After exploring the California Housing dataset provided by sklearn, key features were found before using a variety of supervised learning tasks to identify the best model. Then hyperparameter optimization to find the optimum hyperparameter value. The predicted vs actual (& residuals) targets were then plotted to see performance of the model.
First, the dataset was evaluated to find information about features. All columns were floats, thus useful for a regression task. Histograms are a powerful tool to find distribution of data. AveX and Population showed long tails with almost all data located at the first few values. These features had extreme values as we evaluate the difference between the max and upper quartile values.
Interesting features were location coordinates, MedIncome and house age.
Using a scatter plot of the location long. & lat., we can visualise the bimodal distribution seen in the histogram before, indicating that a large proportion of homes are within these districts. Furthermore, the higher end of median house values were also located in these regions too.
Using a Pairplot, we can evaluate every possible xy combination of features, and we see no pattern on house value outside of median income, which implies that this is a relevant feature.

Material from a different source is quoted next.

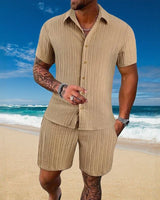 Gael™ Eisseide-Set mit Kurzarmhemd und verstellbaren Shorts in Khaki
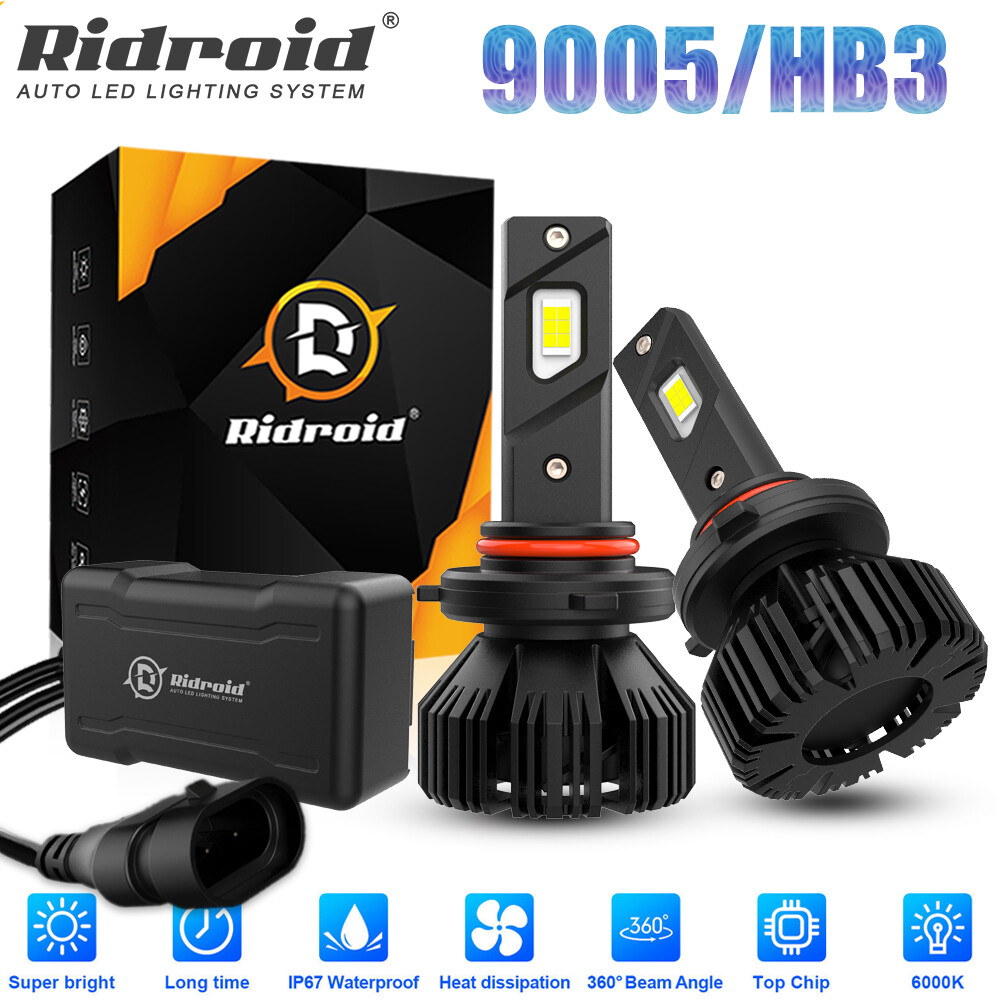 RIDROID 9005 HB3 LED Headlight Super Bright Bulbs Kit HIGH/LOW Beam 6500K White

Dropping all irrelevant columns (keeping MedInc, Long., Lat.), we created a subset data for a regression task that would be able to predict median house values.
Models used:
- Linear Regression
- Decision Tree
- Gradient Boosting
- Histogram Gradient Boosting
- Random Forest
Using R2 score and mean square error (MSE) as the scoring functions, each method was assessed using the same hyperparameters.
Hyperparameter:
- max_iter/n_estimators = 1000,
- max_depth = 3,
- min_samples_split = 3,
- learning_rate = 0.01,
- loss/criterion = squared_error
This showed Histogram Gradient Boosting (HGBT) as the best regression model, with a score of 0.809 and 0.255, respectively. HGBT being best suited for large datasets (n_sample >=10,000) due its algorithm having an operation time of O(n_feat * n), where n is the number of samples at a node, which is superior to regular GBT algorithm. Surprisingly, Random Forest (RF) performed the worst, with scores of 0.506 and 0.661, respectively
After finding the model that performed the best, hyperparameters were tuned to tweak the model for optimum performance. The GridSearchCV was used, with parameter grid including:
- max_iter = [100,250,500,750,1000]
- max_depth = [1,3,5,7]
- learning_rate = [0.001, 0.01, 0.05]
using mse as the scoring function and a cross validation strategy of 5-fold. From this, we found the best score was (-)0.233,
- max_iter = 750
- max_depth = 5
- learning_rate = 0.05
which returned the same values as the inital model search, indicating hyperparameters could have been smaller for speed.
Using the PredictionErrorDisplay metric, two plots were created (True vs Pred & Residual vs Pred), with a 10-fold cross-validation on a subsample of 250 points.
True vs Pred, showed a positive trend to the data, with points close to the best fit line, as evidenced by the low MSE score. Residuals vs Pred, shows how far predicted points stray, with most data found ± 0.5, implying the model fit well.
The next step would be building a neural network (NN) model for regression tasks. While linear models and decision trees (& ensemble methods) are good tools to use, we could also assess the performance of NNs.